Los orígenes de la tradición del Día de Muertos son anteriores a la llegada de los españoles, quienes tenían una concepción unitaria del alma, concepción que les impidió entender el que los indígenas atribuyeran a cada individuo varias entidades anímicas y que cada una de ellas tuviera al morir un destino diferente.

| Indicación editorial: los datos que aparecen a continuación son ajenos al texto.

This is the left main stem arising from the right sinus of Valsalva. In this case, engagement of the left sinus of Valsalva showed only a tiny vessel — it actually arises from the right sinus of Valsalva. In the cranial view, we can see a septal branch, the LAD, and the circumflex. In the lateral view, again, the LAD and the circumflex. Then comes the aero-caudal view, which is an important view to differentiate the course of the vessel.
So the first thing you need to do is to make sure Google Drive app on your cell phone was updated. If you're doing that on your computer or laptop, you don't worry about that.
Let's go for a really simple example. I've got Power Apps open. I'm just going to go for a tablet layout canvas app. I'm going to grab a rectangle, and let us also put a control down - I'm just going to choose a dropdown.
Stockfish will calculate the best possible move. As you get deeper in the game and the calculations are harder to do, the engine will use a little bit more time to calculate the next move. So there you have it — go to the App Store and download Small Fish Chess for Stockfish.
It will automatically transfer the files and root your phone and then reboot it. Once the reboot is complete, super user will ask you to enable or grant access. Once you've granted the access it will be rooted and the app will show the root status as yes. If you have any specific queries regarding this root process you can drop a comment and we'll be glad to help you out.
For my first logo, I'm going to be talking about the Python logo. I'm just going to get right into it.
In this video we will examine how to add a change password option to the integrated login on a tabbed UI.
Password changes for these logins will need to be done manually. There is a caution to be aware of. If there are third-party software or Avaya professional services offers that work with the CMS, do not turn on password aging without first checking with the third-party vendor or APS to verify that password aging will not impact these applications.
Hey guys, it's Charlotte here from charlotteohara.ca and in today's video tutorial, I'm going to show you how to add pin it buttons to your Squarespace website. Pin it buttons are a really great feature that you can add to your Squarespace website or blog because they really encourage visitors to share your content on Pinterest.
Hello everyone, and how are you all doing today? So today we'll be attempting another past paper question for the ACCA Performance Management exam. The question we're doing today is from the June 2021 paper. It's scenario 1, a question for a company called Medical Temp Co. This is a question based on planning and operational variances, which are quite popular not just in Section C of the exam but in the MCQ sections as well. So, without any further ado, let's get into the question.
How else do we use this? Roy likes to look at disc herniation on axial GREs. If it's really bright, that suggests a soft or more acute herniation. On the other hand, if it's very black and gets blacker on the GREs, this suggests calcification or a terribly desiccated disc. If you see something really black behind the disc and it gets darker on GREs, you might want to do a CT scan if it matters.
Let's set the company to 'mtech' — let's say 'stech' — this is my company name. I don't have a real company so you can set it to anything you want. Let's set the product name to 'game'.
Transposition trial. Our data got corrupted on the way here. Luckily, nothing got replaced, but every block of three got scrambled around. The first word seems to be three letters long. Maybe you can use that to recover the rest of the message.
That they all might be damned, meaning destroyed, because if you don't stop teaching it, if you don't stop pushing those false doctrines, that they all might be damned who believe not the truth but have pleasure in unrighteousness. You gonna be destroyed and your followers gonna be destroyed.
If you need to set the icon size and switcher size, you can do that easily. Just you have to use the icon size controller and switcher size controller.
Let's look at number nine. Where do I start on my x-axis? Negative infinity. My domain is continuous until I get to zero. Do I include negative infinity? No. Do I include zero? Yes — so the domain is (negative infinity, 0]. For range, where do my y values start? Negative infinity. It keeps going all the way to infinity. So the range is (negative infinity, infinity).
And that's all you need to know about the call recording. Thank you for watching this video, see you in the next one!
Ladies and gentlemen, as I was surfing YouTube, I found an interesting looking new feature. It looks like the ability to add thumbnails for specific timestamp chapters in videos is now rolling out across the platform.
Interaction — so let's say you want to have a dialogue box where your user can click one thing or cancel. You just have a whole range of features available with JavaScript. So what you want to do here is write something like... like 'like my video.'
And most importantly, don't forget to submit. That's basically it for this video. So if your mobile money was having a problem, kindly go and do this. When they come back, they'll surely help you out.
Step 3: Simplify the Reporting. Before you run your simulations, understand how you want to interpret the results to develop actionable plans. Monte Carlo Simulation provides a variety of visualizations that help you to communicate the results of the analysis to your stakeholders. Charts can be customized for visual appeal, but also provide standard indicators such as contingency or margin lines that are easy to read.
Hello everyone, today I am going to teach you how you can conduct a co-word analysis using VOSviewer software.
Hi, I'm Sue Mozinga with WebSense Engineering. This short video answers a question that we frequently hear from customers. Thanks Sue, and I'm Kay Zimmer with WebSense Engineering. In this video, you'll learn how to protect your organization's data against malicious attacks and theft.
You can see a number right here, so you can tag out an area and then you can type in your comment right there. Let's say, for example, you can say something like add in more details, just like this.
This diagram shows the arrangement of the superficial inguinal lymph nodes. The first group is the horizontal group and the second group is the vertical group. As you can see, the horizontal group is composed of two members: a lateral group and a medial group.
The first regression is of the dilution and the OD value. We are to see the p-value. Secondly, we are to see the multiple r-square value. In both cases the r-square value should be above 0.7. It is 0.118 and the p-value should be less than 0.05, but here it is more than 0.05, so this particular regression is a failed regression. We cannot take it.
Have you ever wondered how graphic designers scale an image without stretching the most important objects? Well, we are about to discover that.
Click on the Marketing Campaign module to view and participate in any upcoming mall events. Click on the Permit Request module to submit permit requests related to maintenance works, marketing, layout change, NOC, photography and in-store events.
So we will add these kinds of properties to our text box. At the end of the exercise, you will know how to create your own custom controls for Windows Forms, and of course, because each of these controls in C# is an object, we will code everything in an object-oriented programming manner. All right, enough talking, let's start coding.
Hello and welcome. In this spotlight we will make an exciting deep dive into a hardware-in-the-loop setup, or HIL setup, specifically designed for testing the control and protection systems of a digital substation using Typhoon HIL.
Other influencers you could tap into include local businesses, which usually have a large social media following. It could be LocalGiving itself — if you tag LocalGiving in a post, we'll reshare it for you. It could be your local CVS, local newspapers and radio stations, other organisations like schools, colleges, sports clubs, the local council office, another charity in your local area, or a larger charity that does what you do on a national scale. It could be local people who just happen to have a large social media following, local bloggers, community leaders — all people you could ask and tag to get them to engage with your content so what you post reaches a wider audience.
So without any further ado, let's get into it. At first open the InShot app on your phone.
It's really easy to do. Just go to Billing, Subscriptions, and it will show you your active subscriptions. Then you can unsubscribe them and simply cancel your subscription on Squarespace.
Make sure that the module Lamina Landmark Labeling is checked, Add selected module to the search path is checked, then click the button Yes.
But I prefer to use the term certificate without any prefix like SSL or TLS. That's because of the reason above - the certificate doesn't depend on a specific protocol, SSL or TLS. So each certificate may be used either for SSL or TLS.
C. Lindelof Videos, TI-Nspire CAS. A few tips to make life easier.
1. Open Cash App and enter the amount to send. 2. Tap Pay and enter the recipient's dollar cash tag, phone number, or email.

Dentro de la visión prehispánica, el acto de morir era el comienzo de un viaje hacia el Mictlán, el reino de los muertos descarnados o inframundo, también llamado Xiomoayan, término que los españoles tradujeron como infierno. Este viaje duraba cuatro días. Al llegar a su destino, el viajero ofrecía obsequios a los señores del Mictlán: Mictlantecuhtli (señor de los muertos) y su compañera Mictecacíhuatl (señora de los moradores del recinto de los muertos). Estos lo enviaban a una de nueve regiones, donde el muerto permanecía un periodo de prueba de cuatro años antes de continuar su vida en el Mictlán y llegar así al último piso, que era el lugar de su eterno reposo, denominado “obsidiana de los muertos”.
Gráficamente, la idea de la muerte como un ser descarnado siempre estuvo presente en la cosmovisión prehispánica, de lo que hay registros en las etnias totonaca, nahua, mexica y maya, entre otras. En esta época era común la práctica de conservar los cráneos como trofeos y mostrarlos durante los rituales que simbolizaban la muerte y el renacimiento. El festival que se convirtió en el Día de Muertos se conmemoraba en el noveno mes del calendario solar mexicano, iniciando en agosto y celebrándose durante todo el mes.
Para los indígenas la muerte no tenía la connotación moral de la religión católica, en la cual la idea de infierno o paraíso significa castigo o premio; los antiguos mexicanos creían que el destino del alma del muerto estaba determinado por el tipo de muerte que había tenido y su comportamiento en vida. Por citar algunos ejemplos, las almas de los que morían en circunstancias relacionadas con el agua se dirigían al Tlalocan, o paraíso de Tláloc; los muertos en combate, los cautivos sacrificados y las mujeres muertas durante al parto llegaban al Omeyocan, paraíso del Sol, presidido por Huitzilopochtli, el dios de la guerra. El Mictlán estaba destinado a los que morían de muerte natural. Los niños muertos tenían un lugar especial llamado Chichihuacuauhco, donde se encontraba un árbol de cuyas ramas goteaba leche para que se alimentaran.
Los entierros prehispánicos eran acompañados por dos tipos de objetos: los que en vida habían sido utilizados por el muerto, y los que podía necesitar en su tránsito al inframundo.